[Records shown Boundary: Start]

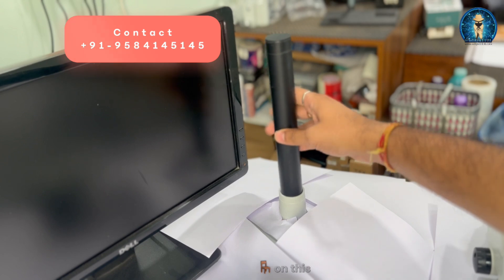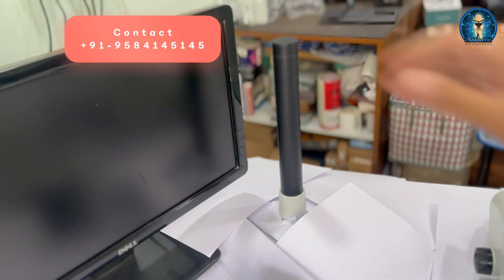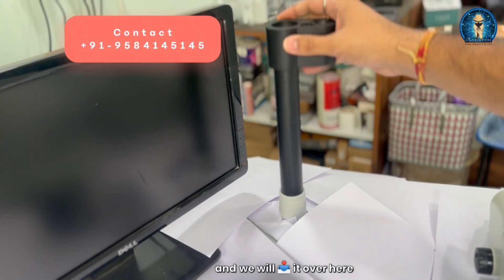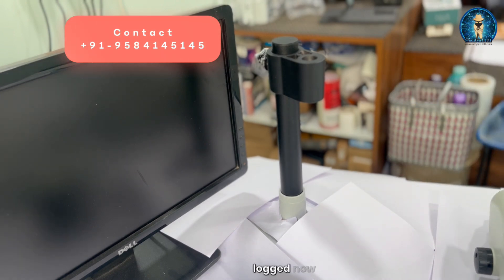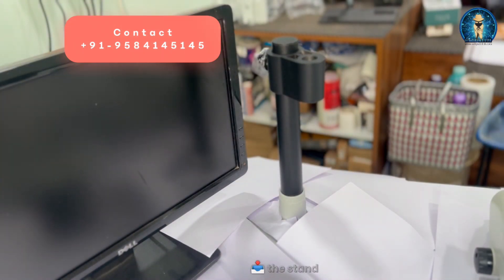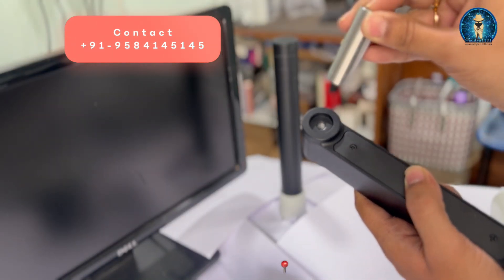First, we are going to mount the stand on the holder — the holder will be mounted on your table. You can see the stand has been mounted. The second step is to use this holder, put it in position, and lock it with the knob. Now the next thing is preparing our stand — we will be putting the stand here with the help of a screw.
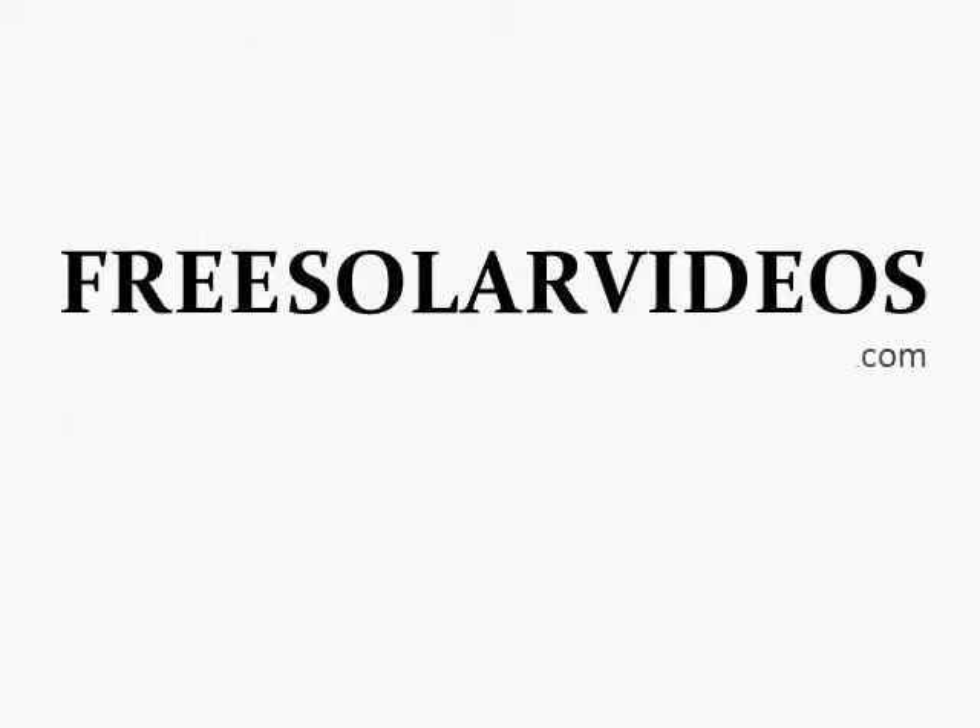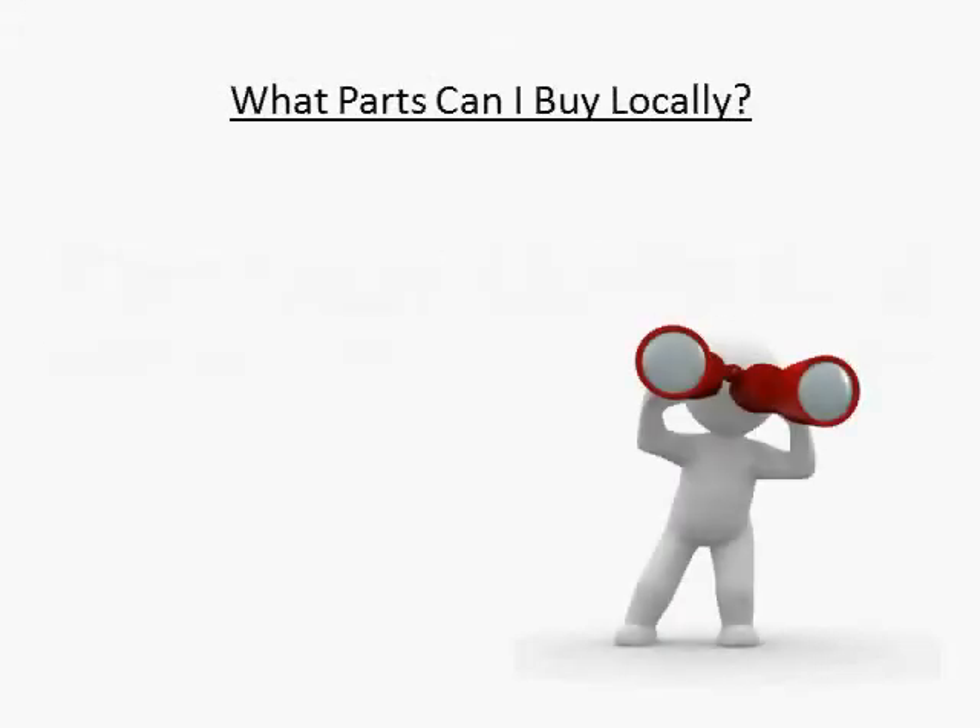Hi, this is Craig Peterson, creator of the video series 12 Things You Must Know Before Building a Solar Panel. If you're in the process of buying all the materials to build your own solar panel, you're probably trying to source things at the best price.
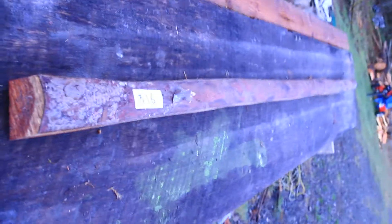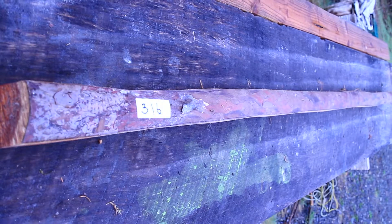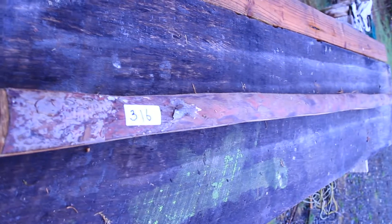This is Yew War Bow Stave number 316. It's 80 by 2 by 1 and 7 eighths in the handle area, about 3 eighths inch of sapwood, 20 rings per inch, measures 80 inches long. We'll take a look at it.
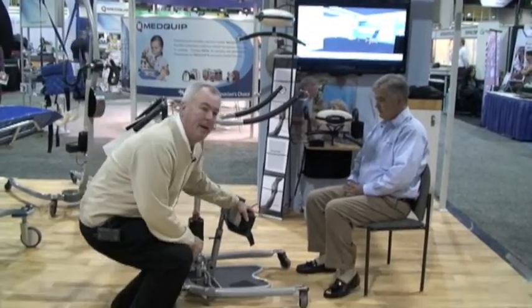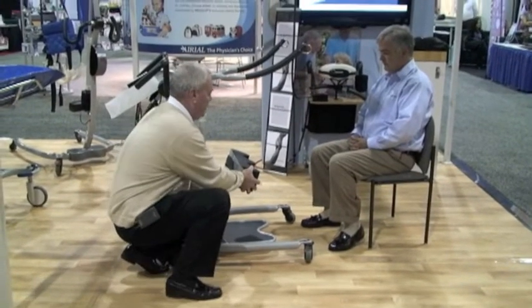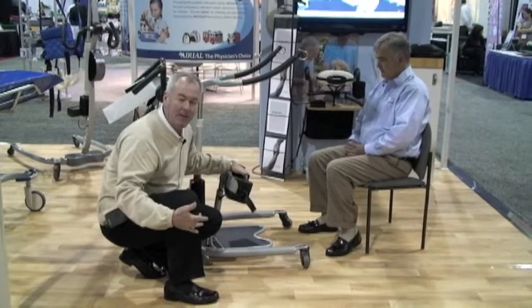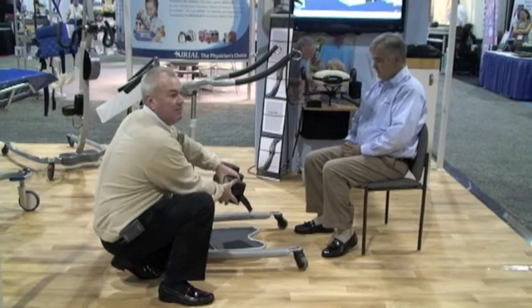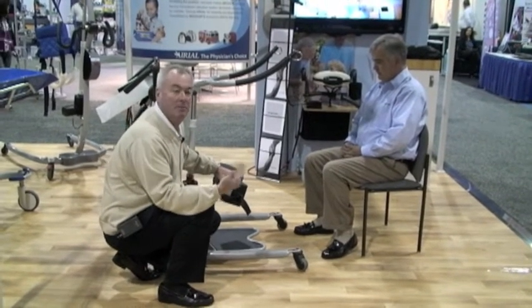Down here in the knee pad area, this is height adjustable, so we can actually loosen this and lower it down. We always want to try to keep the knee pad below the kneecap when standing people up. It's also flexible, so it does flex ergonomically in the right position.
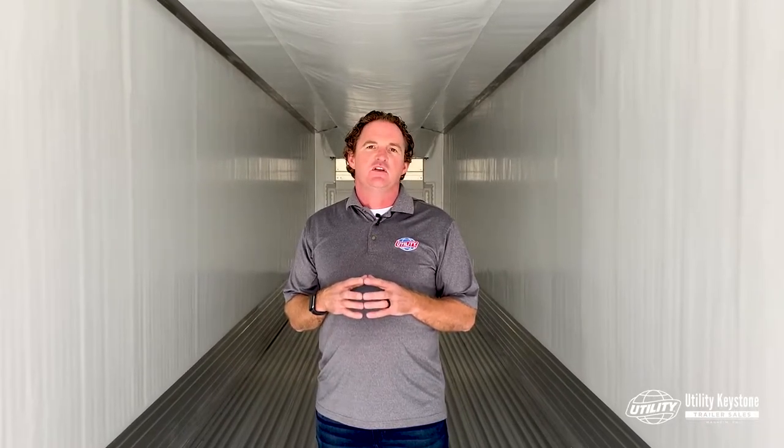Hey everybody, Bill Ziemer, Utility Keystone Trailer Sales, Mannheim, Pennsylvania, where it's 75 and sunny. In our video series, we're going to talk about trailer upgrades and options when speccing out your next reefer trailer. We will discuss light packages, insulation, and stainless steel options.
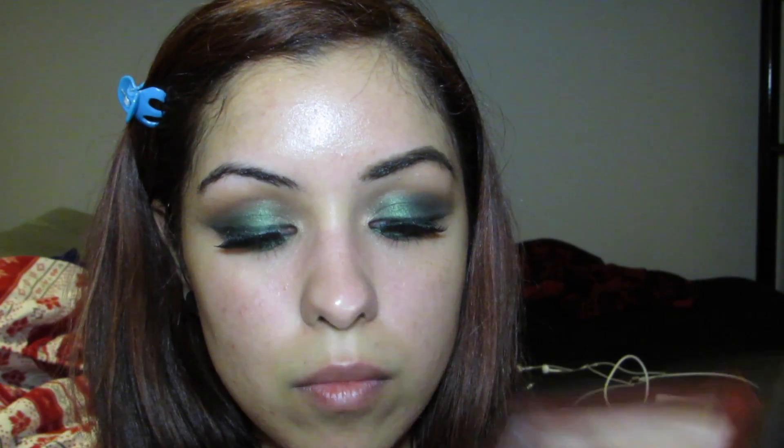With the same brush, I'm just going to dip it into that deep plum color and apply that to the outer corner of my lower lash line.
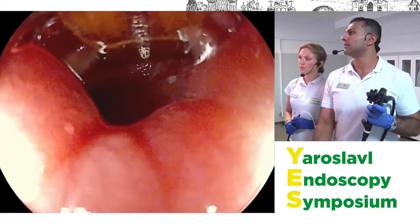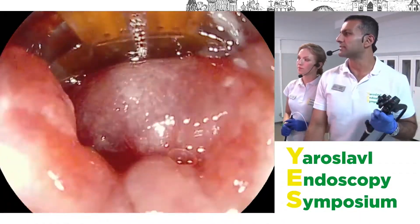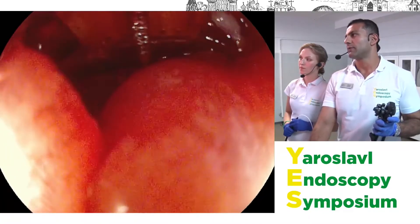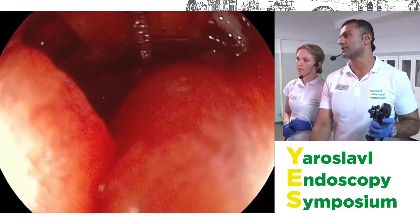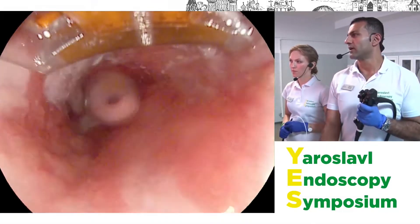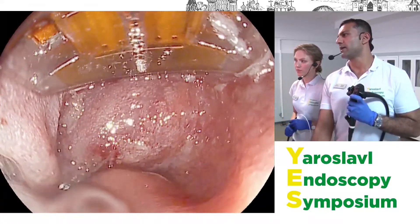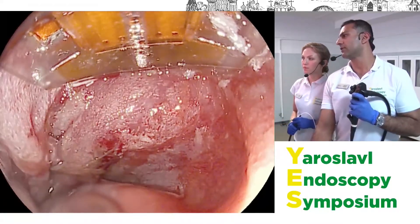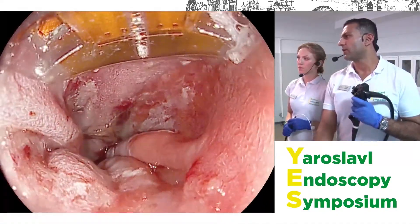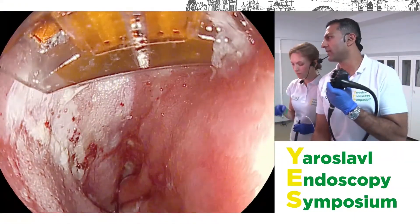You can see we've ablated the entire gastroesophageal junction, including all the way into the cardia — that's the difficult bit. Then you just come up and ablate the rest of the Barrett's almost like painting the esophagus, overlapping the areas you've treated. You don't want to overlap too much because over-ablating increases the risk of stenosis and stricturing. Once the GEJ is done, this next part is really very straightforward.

[Records shown Boundary: End]

» **What needs to be done**
The listing must be returned in full and exactly, apart from its pictures.

» **Result**
First, we are going to mount the stand on the holder — the holder will be mounted on your table. You can see the stand has been mounted. The second step is to use this holder, put it in position, and lock it with the knob. Now the next thing is preparing our stand — we will be putting the stand here with the help of a screw.
Hi, this is Craig Peterson, creator of the video series 12 Things You Must Know Before Building a Solar Panel. If you're in the process of buying all the materials to build your own solar panel, you're probably trying to source things at the best price.
This is Yew War Bow Stave number 316. It's 80 by 2 by 1 and 7 eighths in the handle area, about 3 eighths inch of sapwood, 20 rings per inch, measures 80 inches long. We'll take a look at it.
Down here in the knee pad area, this is height adjustable, so we can actually loosen this and lower it down. We always want to try to keep the knee pad below the kneecap when standing people up. It's also flexible, so it does flex ergonomically in the right position.
Hey everybody, Bill Ziemer, Utility Keystone Trailer Sales, Mannheim, Pennsylvania, where it's 75 and sunny. In our video series, we're going to talk about trailer upgrades and options when speccing out your next reefer trailer. We will discuss light packages, insulation, and stainless steel options.
With the same brush, I'm just going to dip it into that deep plum color and apply that to the outer corner of my lower lash line.
You can see we've ablated the entire gastroesophageal junction, including all the way into the cardia — that's the difficult bit. Then you just come up and ablate the rest of the Barrett's almost like painting the esophagus, overlapping the areas you've treated. You don't want to overlap too much because over-ablating increases the risk of stenosis and stricturing. Once the GEJ is done, this next part is really very straightforward.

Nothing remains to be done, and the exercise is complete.